Kurt Andersen of Time tries to gussy up this naked pander with some hilariously over-the-top balloon juice about today’s protesters serving as the drive shaft of history, which only recently got started again after Francis Fukuyama poured sugar in its gas tank:

Once upon a time, when major news events were chronicled strictly by professionals and printed on paper or transmitted through the air by the few for the masses, protesters were prime makers of history. Back then, when citizen multitudes took to the streets without weapons to declare themselves opposed, it was the very definition of news — vivid, important, often consequential.

[…] And then came the End of History, summed up by Francis Fukuyama's influential 1989 essay declaring that mankind had arrived at the "end point of ... ideological evolution" in globally triumphant "Western liberalism." The two decades beginning in 1991 witnessed the greatest rise in living standards that the world has ever known. Credit was easy, complacency and apathy were rife, and street protests looked like pointless emotional sideshows — obsolete, quaint, the equivalent of cavalry to mid-20th-century war. The rare large demonstrations in the rich world seemed ineffectual and irrelevant.

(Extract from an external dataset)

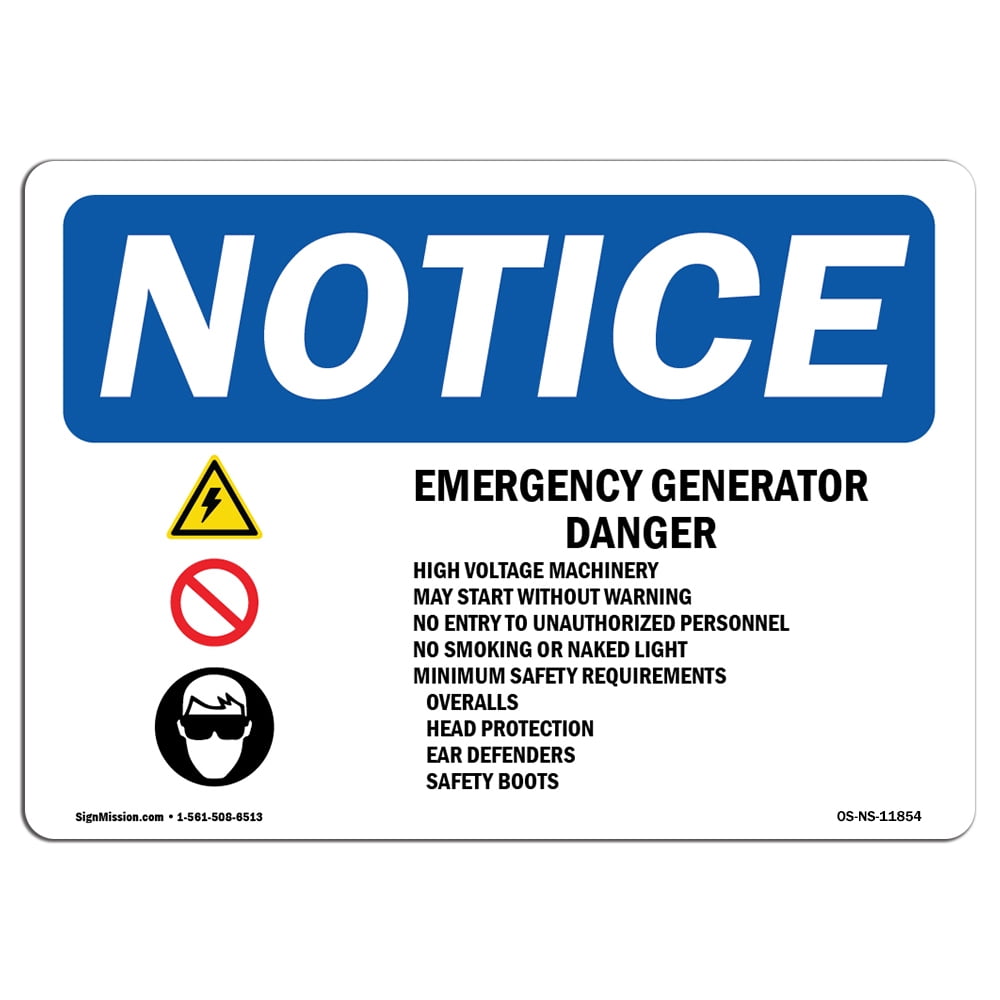 OSHA Notice Sign Emergency Generator Danger High Choose from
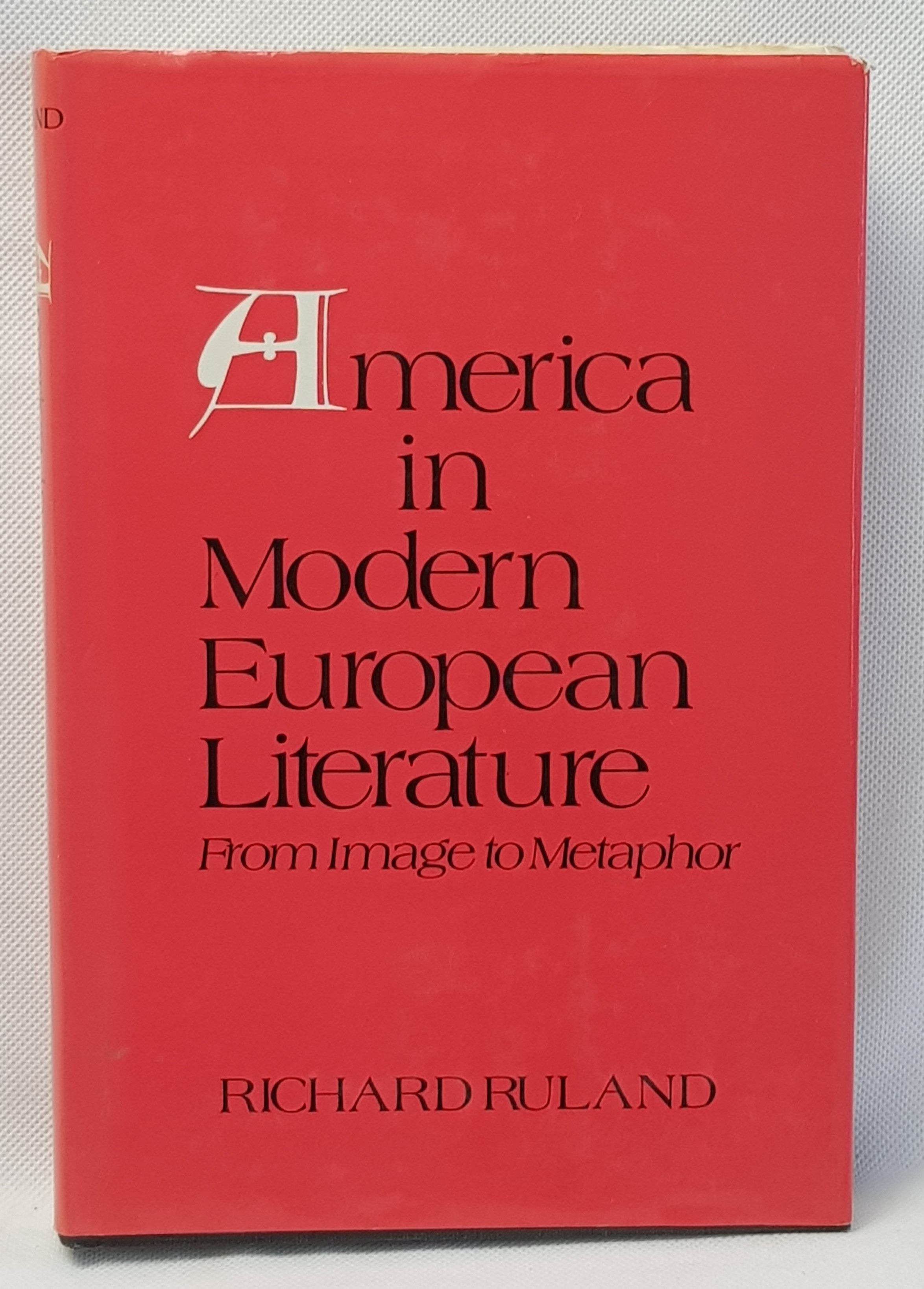 America in Modern European literature by Richard Ruland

On and on this goes, in an interminable history lesson that does more to undermine Time’s case for throwing out this silly award than justify it.  “The Protester” is Person of the Year 2011 because they make us nostalgic for the glory days of protests in the 1960s? 

Of course, Time throws wide the global net to rope in the “Arab Spring” protesters as well.  The Person of the Year is meant to stand astride the global stage, not just American politics and culture.  Unfortunately, making this particular award global just makes them look parochial.  The benighted corners of the world have been filled with “protesters” for a long time, and this year’s crop actually accomplished much less than Time gives them credit for. 

Granted that profound change doesn’t necessarily have to be for the better to meet Time’s criteria, the jury is still out on whether the “Arab Spring” really changed things all that much… or merely installed new management to run the same old dungeons.  Hosni Mubarak is going to be replaced by the Muslim Brotherhood and the even more totalitarian Salafists in Egypt, assuming the military junta is willing to surrender power?  Yippee!  And you might have noticed the Libyan “protesters,” a group about which we still know very little, didn’t accomplish much until NATO got involved.  Why isn’t NATO Person of the Year?  Or SEAL Team Six?

On the domestic front, the sainted Occupy movement hasn’t actually accomplished anything.  All illusions to the contrary are deliberate and sustained media fictions.  The “national conversation” hasn’t been changed a bit.  It has simply been decorated with a rather unsavory crop of new ornaments, used by liberals to liven up the same weary arguments they’ve made all along.  Attend an Occupy protest and you’ll hear the same moldy, toxic twaddle the world got more than enough of from Time’s Person of the Year in both 1939 and 1942.  If Time actually wanted to celebrate “protesters” who actually made a difference, against the occasionally vicious opposition of the media, they should have done it last year.

Person of the Year 2012 should be a much more interesting challenge, especially since the year could well be dominated by a bitter contest between Person of the Year 1995 and Person of the Year 2008.  A lot of people groused about those selections at the time, but they were much more reasonable expressions of what the award is supposed to represent.  I would imagine every new crop of Time editors is ready for a good number of critics to lambaste any choice they make.  Fair enough, but when they can’t even bring themselves to name an individual, they end up making a statement rather than a judgment.